Also...diesen Thread könntet ihr höchstens noch benutzem um mich auszulachen, oder mir Tipps geben, wie ich die Versicherung am besten verarschen kann, sprich größere Festplatte  

NeNe, des schaff ich schon alleine...


----------



## MiLa (29. September 2003)

Als kleinen, aber "WICHTIGEN" Nachtrag, ich habe heute folgende Seite gefunden:

http://www.support-office.de

Das Angebot zur Datenrettung auf der Seite hört sich echt fair an, ich denke, dass ich das Angebot auf jeden Fall nutzen werde.
SO überteuert, wie wir gemutmaaßt haben scheint es ja doch nicht zu sein, war zwar auch etwas überrascht, dass es auch so billig geht, aber ich werds nutzen.

MfG Larsi


----------



## vipey (29. September 2003)

Also ein deiner Stelle würd ich aufhören zu träumen.
Die Analyse kostet 60€, es gibt auch Firme, die das kostenlos machen.
Die Datenrettung an sich kostet weit über 1000€.

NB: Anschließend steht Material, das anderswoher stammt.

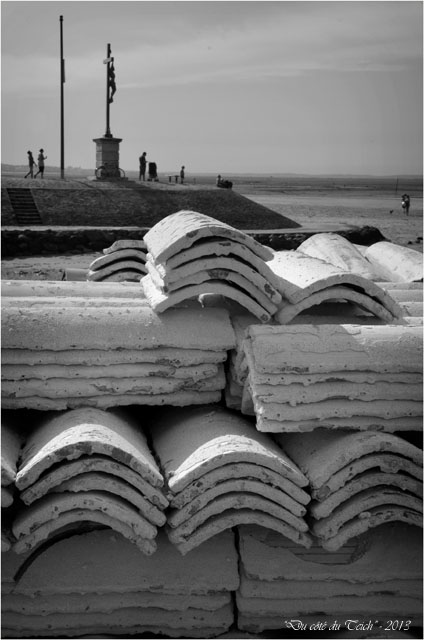 BLOG-DSC_24807-tuile et croix Larros N&B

Mir ist meine 40 GB Platte abgeraucht, Lese-/Schreibkopf hat die Magnetscheibe kaputt gemacht oder so. Ein Unternehmen gefunden, das die Analyse kostenlos macht. Datenrettung kostet: 1600€. Eine andere Firma hat mir n Angebot von 900€ gemacht, das ganze jedoch nur weil ich Schüler bin.

Auf meiner Festplatte waren Dateien mit einem ungefähren Gesamtwert von 7 500€. Das ist aber kein sicheres Geld also wollte mir das keiner Vorstrecken usw.

Deine Firma da macht einen verbindlichen! Kostenvoranschlag. Das ist absolut inakzeptabel.


----------



## MiLa (29. September 2003)

Hm...stimmt auch wieder, 
ich werd einfach mal anfragen...
Was das denn so ca. bei denen  kosten würde, mal sehen...

Ich halt euch auf dem Laufenden...


----------